No soy de los tipos que aman demasiado viajar. Soy de aquellos a quienes después de unos días les dan ganas de volver.
El viaje que voy a relatar fue hace dos años, a Neuquén, a un pueblo todavía poco conocido, institucionalizado como tal recién en la década de los 90, llamado Villa Pehuenia, frente al lago Aluminé. Como animal urbano, conmigo funciona la frase "La calma desespera". No sabía cuánto me podrían afectar unos días sumergido en aquellos silencios y paisajes avasallantes, pero allá fuimos con mi esposa y mi hijita.
Villa Pehuenia queda a unos 300 kilómetros al Oeste de la capital neuquina. El cemento se termina en Zapala y el resto son 150 kilómetros de caminos serpenteantes y de piedras, bastante incómodo para autos que no son 4x4. Cuando fui, no había conexión a Internet, sólo tenían un mínimo bar para ir a tomar algo en la noche y los caminos eran todos de tierra.
Parecía congelado en un tiempo sin el avance de la tecnología, ni de la explosión de turistas.
El lugar es mágico. Los bosques de coihues, pehuenes y araucarias dicen que inspiraron las leyendas de los peques, los duendes patagónicos de la serie de dibujos animados, y el color del agua tiene un celeste que parece arreglado con Fotoshop. Es un lugar realmente increíble, incluso para mí que soy medio anti-naturaleza.
Los principales lugares turísticos de Pehuenia están administrados por la comunidad mapuche de la zona y tienen armados varios circuitos para recorrer como la periferia del imponente volcán Batea Mahuida y los alrededores del río Aluminé. También se puede navegar por el lago y visitar por el día varias de las pequeñas islas. También está muy cerca el cruce cordillerano a Chile llamado Icalma, un paso que ha estimulado el crecimiento de la villa.
Con esa calma muy pintoresca, ese paisaje arrollador, Villa Pehuenia es un secreto a punto de estallar, aunque espero que lleve más tiempo así como la conocí con una infraestructura mínima, con sus calles de tierra y su silencio tecnológico.

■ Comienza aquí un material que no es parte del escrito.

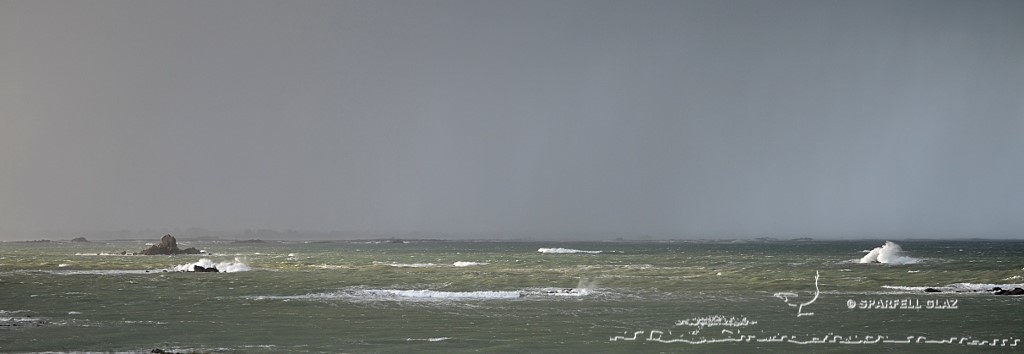 mauvais temps sur les côtes du Léon (Bretagne)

Al volver, a cuarenta kilómetros de Zapala se nos pinchó un neumático. El repuesto estaba algo desinflado -no lo había revisado-. Unos minutos después el auxilio también se pinchó. Varados al mediodía, con un viento patagónico huracanado, sin señal de celular, sólo podíamos contar con la solidaridad de los autos que pasaran. Uno nos señaló un cartel de gomería unos kilómetros atrás pero al llegar allí un señor nos dijo que "recién la semana que viene se iba a inaugurar". Mala suerte. Finalmente, una familia me sugirió llevarme hasta Zapala con el repuesto. Una vez arreglado debía regresar.
¿Cómo? El gomero convenció a su hermana de que me llevara hasta donde estaba mi auto. Unas horas más tarde, mi mujer y mi hija, aisladas y preocupadas, me vieron llegar en un auto 0 KM con una chica muy guapa como chofer. Fue como una escena de publicidad.